» WORK REQUIRED
Reproduce the entries shown below only from the line with "Top Brand Luxury" down to the line with "Playing Cards-QUARTERS Premium", keeping both end lines and copying each one exactly.

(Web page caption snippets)
▬▬▬
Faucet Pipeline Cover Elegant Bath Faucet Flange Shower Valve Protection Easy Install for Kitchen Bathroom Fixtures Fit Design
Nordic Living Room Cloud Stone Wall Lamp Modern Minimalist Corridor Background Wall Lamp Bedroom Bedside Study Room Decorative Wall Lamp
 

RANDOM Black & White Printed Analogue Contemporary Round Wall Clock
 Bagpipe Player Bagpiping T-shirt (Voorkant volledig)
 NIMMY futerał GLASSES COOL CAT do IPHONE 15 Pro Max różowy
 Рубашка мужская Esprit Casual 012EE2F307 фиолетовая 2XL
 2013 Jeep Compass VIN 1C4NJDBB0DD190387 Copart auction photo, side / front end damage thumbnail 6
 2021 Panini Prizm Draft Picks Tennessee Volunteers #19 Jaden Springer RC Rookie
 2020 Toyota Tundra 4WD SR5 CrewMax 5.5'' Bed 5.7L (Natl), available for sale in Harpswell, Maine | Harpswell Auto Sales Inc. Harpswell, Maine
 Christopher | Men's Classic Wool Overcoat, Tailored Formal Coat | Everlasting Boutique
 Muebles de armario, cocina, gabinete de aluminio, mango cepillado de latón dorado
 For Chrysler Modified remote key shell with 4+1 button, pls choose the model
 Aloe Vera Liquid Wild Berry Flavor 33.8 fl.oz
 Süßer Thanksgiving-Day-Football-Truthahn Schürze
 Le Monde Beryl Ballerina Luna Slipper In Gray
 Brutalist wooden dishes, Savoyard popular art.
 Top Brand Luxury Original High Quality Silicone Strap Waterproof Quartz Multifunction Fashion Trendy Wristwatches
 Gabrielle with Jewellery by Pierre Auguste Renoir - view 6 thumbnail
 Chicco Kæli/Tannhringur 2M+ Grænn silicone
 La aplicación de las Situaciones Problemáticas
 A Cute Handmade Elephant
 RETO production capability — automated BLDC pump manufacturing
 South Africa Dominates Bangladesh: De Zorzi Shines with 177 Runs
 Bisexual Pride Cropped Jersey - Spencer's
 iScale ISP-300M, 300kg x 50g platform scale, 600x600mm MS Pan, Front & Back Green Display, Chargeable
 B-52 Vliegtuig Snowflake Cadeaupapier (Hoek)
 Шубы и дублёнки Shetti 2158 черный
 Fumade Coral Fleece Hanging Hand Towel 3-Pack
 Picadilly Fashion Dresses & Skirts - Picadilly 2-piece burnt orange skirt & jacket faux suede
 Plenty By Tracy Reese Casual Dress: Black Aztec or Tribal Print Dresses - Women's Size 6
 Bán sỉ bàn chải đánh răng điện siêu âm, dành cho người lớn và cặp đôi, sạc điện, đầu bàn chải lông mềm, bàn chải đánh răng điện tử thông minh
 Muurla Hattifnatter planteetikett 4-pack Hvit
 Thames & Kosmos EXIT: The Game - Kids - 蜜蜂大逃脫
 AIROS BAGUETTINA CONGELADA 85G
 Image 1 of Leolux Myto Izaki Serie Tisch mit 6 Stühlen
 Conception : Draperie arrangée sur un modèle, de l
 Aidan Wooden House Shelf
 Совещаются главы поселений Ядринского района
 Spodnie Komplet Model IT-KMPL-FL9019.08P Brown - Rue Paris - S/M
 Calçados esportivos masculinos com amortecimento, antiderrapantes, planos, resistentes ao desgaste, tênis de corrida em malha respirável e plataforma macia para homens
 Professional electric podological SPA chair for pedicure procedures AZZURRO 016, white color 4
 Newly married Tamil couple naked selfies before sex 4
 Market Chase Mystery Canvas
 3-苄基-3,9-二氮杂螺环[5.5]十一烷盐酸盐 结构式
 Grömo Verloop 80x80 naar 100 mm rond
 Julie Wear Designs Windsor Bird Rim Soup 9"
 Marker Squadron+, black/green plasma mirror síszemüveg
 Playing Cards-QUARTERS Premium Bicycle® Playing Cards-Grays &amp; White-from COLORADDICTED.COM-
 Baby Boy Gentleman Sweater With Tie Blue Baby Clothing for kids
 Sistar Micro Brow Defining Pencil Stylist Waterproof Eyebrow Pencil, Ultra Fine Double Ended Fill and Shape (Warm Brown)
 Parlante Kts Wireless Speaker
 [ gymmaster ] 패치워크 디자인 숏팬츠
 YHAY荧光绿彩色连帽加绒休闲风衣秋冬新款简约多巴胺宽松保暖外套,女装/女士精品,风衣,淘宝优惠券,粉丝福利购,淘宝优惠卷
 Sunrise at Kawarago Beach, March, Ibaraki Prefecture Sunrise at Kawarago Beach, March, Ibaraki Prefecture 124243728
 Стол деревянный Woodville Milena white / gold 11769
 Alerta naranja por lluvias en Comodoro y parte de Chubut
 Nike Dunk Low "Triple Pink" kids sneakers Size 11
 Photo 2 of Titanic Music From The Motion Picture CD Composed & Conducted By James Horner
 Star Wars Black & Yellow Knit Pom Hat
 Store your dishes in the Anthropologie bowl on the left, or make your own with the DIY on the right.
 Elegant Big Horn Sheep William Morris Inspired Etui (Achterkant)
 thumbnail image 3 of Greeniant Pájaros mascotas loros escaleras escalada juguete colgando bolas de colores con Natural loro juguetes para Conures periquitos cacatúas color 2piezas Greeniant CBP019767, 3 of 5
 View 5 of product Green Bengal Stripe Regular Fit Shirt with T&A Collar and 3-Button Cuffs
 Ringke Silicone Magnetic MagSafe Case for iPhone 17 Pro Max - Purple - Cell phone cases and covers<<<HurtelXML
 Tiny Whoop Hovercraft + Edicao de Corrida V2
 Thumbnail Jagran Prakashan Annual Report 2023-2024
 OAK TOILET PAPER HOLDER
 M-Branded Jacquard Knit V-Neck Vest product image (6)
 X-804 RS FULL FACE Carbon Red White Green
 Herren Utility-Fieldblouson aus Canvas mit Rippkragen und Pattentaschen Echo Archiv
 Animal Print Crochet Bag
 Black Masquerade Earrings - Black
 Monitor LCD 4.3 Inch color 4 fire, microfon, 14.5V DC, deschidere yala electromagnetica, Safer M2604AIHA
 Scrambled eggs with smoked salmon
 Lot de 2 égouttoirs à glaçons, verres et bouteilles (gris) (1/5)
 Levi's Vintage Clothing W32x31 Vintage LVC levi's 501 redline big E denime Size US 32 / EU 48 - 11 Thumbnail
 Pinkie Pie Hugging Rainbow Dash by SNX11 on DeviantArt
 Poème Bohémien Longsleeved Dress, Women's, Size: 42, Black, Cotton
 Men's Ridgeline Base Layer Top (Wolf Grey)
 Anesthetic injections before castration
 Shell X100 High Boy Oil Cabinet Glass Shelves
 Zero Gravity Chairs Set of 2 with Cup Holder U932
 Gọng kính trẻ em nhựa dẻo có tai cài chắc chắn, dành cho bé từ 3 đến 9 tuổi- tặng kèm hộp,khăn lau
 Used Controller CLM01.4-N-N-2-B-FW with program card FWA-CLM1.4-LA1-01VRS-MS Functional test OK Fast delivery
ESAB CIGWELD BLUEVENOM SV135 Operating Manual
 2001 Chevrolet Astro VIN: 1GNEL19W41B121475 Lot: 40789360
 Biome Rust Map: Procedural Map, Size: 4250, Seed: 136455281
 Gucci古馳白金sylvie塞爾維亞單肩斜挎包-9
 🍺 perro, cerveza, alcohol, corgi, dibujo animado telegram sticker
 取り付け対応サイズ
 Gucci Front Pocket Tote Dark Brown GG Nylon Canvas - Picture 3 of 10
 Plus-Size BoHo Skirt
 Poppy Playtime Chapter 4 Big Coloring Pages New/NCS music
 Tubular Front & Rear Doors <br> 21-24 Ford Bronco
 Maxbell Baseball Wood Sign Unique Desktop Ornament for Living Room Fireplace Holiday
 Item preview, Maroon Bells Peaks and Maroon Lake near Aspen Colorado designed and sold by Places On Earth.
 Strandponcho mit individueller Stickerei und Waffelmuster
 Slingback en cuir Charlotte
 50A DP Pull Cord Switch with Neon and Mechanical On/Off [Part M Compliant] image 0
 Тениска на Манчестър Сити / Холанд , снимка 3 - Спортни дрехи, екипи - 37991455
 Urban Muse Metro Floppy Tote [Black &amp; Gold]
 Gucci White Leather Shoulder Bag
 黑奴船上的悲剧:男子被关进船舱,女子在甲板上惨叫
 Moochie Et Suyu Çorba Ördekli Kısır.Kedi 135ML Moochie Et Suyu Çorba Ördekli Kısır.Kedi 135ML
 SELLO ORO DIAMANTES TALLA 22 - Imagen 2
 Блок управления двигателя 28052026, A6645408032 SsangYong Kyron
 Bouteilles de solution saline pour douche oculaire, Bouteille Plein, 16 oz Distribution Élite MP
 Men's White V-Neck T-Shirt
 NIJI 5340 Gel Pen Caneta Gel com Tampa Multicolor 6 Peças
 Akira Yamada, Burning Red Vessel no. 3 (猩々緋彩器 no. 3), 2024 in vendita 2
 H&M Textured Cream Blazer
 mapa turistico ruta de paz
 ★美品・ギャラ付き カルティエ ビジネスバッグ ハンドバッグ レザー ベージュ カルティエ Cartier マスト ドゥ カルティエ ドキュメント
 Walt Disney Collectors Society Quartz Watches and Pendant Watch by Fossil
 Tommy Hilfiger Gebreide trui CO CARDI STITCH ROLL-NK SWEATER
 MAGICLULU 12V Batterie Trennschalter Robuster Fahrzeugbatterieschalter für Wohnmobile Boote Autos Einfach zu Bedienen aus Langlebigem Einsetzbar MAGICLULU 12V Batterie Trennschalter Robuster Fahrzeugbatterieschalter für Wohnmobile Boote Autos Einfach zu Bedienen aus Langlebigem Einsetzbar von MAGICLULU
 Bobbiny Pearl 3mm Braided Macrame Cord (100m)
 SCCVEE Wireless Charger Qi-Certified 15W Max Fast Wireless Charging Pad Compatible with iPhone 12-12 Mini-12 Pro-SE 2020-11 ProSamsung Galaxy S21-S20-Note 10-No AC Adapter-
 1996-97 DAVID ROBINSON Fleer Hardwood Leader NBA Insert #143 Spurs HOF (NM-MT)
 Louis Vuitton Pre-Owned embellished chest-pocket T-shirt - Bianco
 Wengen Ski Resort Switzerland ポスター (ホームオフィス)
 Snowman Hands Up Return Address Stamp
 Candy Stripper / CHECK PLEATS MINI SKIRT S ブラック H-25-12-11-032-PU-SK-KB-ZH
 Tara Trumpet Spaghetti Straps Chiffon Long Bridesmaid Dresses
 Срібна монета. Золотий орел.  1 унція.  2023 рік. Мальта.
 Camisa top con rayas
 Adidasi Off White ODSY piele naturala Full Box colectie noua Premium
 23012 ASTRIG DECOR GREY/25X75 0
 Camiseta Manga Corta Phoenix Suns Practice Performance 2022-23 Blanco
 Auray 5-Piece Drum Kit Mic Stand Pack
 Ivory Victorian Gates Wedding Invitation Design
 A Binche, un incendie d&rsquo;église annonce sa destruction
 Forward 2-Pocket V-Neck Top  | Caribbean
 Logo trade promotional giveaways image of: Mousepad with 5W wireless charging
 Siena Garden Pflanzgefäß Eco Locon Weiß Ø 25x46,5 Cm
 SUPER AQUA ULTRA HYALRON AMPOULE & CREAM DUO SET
▬▬▬
» WRITTEN ANSWER
 Top Brand Luxury Original High Quality Silicone Strap Waterproof Quartz Multifunction Fashion Trendy Wristwatches
 Gabrielle with Jewellery by Pierre Auguste Renoir - view 6 thumbnail
 Chicco Kæli/Tannhringur 2M+ Grænn silicone
 La aplicación de las Situaciones Problemáticas
 A Cute Handmade Elephant
 RETO production capability — automated BLDC pump manufacturing
 South Africa Dominates Bangladesh: De Zorzi Shines with 177 Runs
 Bisexual Pride Cropped Jersey - Spencer's
 iScale ISP-300M, 300kg x 50g platform scale, 600x600mm MS Pan, Front & Back Green Display, Chargeable
 B-52 Vliegtuig Snowflake Cadeaupapier (Hoek)
 Шубы и дублёнки Shetti 2158 черный
 Fumade Coral Fleece Hanging Hand Towel 3-Pack
 Picadilly Fashion Dresses & Skirts - Picadilly 2-piece burnt orange skirt & jacket faux suede
 Plenty By Tracy Reese Casual Dress: Black Aztec or Tribal Print Dresses - Women's Size 6
 Bán sỉ bàn chải đánh răng điện siêu âm, dành cho người lớn và cặp đôi, sạc điện, đầu bàn chải lông mềm, bàn chải đánh răng điện tử thông minh
 Muurla Hattifnatter planteetikett 4-pack Hvit
 Thames & Kosmos EXIT: The Game - Kids - 蜜蜂大逃脫
 AIROS BAGUETTINA CONGELADA 85G
 Image 1 of Leolux Myto Izaki Serie Tisch mit 6 Stühlen
 Conception : Draperie arrangée sur un modèle, de l
 Aidan Wooden House Shelf
 Совещаются главы поселений Ядринского района
 Spodnie Komplet Model IT-KMPL-FL9019.08P Brown - Rue Paris - S/M
 Calçados esportivos masculinos com amortecimento, antiderrapantes, planos, resistentes ao desgaste, tênis de corrida em malha respirável e plataforma macia para homens
 Professional electric podological SPA chair for pedicure procedures AZZURRO 016, white color 4
 Newly married Tamil couple naked selfies before sex 4
 Market Chase Mystery Canvas
 3-苄基-3,9-二氮杂螺环[5.5]十一烷盐酸盐 结构式
 Grömo Verloop 80x80 naar 100 mm rond
 Julie Wear Designs Windsor Bird Rim Soup 9"
 Marker Squadron+, black/green plasma mirror síszemüveg
 Playing Cards-QUARTERS Premium Bicycle® Playing Cards-Grays &amp; White-from COLORADDICTED.COM-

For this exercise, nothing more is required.